Crawled caption data:

/---

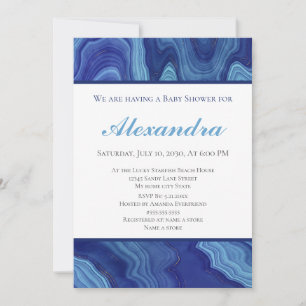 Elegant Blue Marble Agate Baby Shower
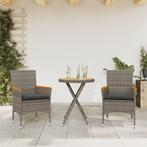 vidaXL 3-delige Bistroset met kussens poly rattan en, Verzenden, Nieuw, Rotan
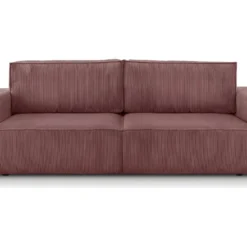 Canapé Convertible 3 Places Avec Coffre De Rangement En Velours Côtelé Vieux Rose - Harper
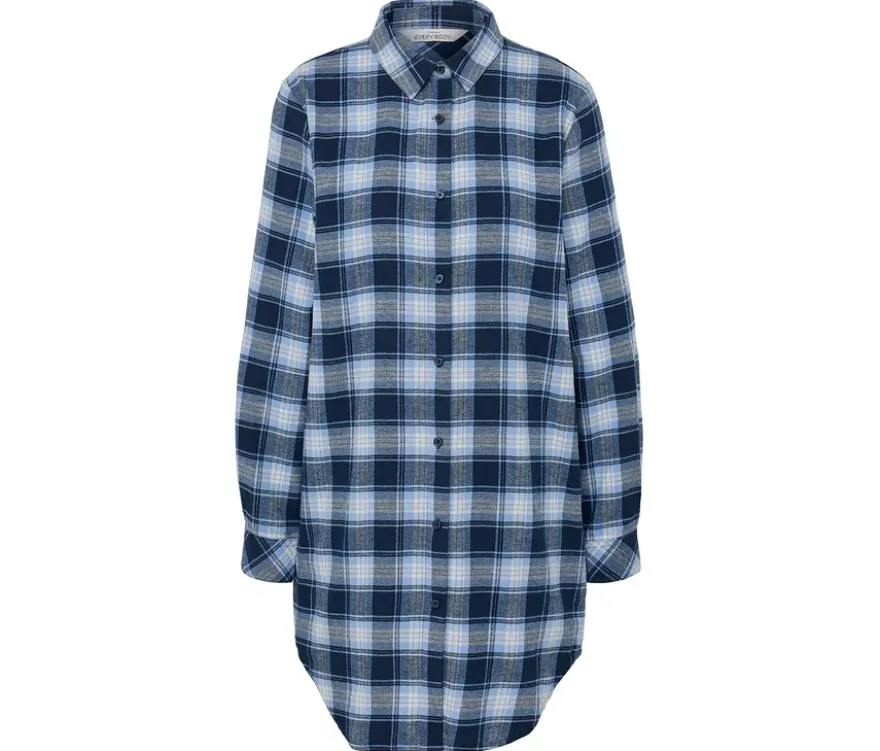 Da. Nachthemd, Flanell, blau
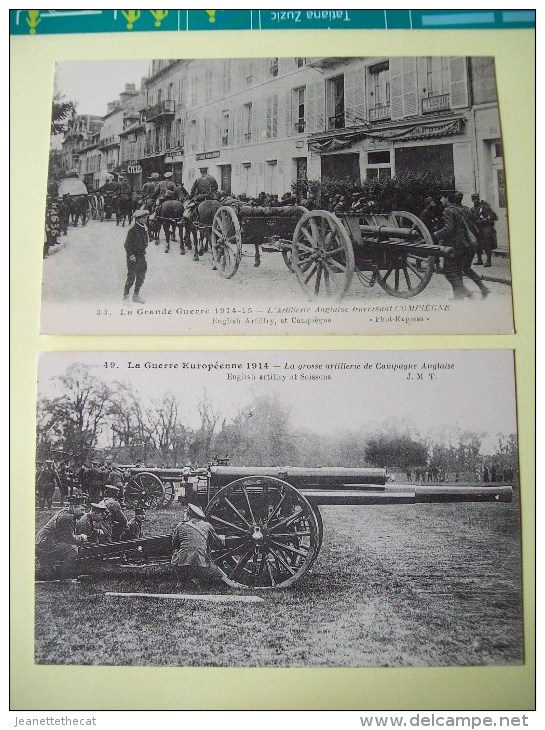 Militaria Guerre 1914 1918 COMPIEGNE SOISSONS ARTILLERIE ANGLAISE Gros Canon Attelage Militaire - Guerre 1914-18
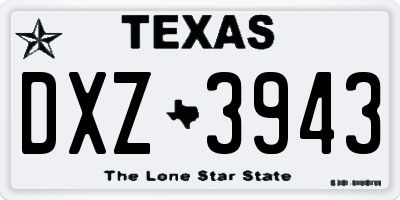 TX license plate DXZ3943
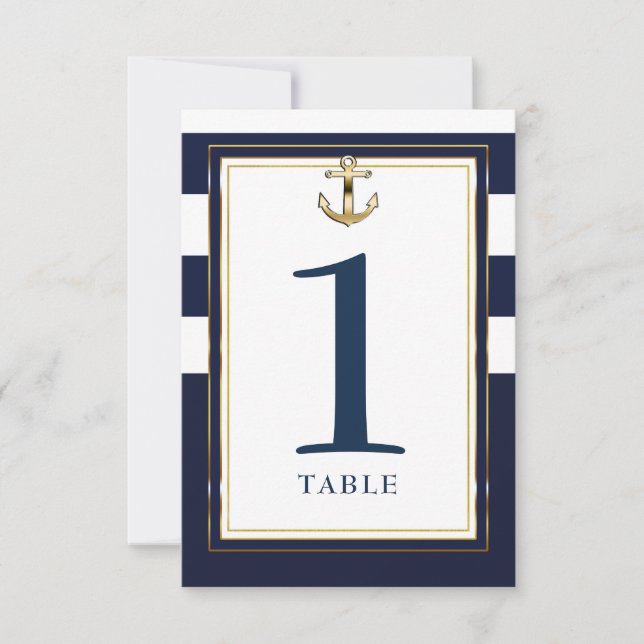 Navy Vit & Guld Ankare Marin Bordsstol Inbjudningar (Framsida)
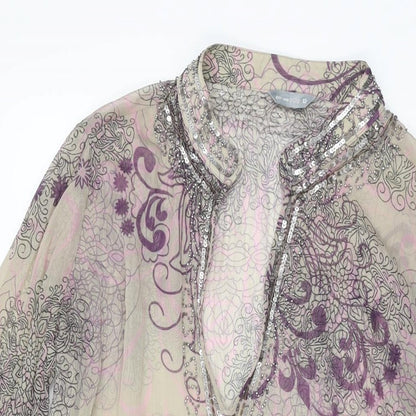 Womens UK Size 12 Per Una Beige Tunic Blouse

\---

▶ **Assigned task**: Exactly the lines from the one that contains "Canapé Convertible 3" to the last line of the data, both included, should be set down, and no pictures should appear among them.

▶ **Your solution**:
 Canapé Convertible 3 Places Avec Coffre De Rangement En Velours Côtelé Vieux Rose - Harper
 Da. Nachthemd, Flanell, blau
 Militaria Guerre 1914 1918 COMPIEGNE SOISSONS ARTILLERIE ANGLAISE Gros Canon Attelage Militaire - Guerre 1914-18
 TX license plate DXZ3943
 Navy Vit & Guld Ankare Marin Bordsstol Inbjudningar (Framsida)
 Womens UK Size 12 Per Una Beige Tunic Blouse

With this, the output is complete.